▶ _Task_
Among the lines of data below, reproduce only those from the one with "Northland Fishing Tackle" through the one with "Interior Etnico Rendering Fotorealistico", exactly as they stand, both ends included.

-- Data under study follows --

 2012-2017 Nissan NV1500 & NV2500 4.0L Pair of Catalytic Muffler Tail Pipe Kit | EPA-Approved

-- Data under study concluded --
-- Data under study follows --

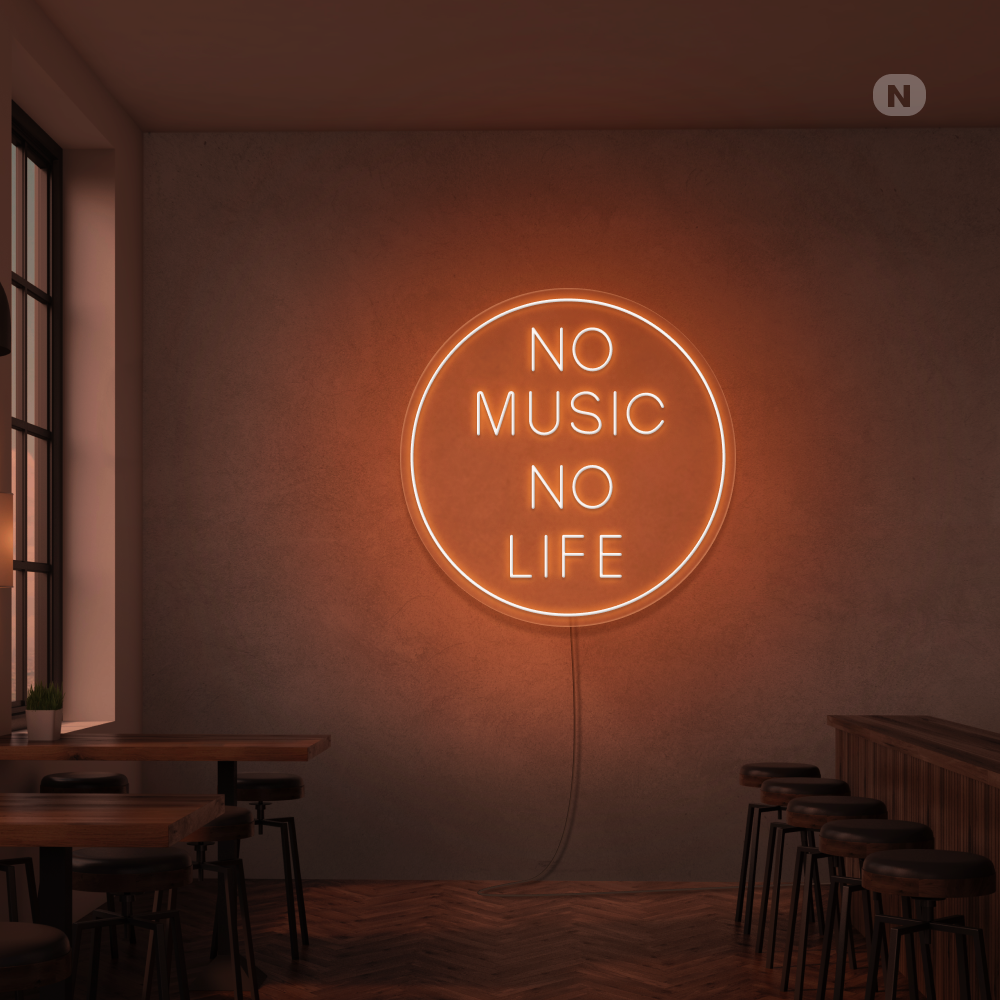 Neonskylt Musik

-- Data under study concluded --
-- Data under study follows --

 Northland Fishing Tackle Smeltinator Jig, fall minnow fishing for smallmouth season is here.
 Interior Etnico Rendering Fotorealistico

-- Data under study concluded --

▶ _Reply to the exercise_
 Northland Fishing Tackle Smeltinator Jig, fall minnow fishing for smallmouth season is here.
 Interior Etnico Rendering Fotorealistico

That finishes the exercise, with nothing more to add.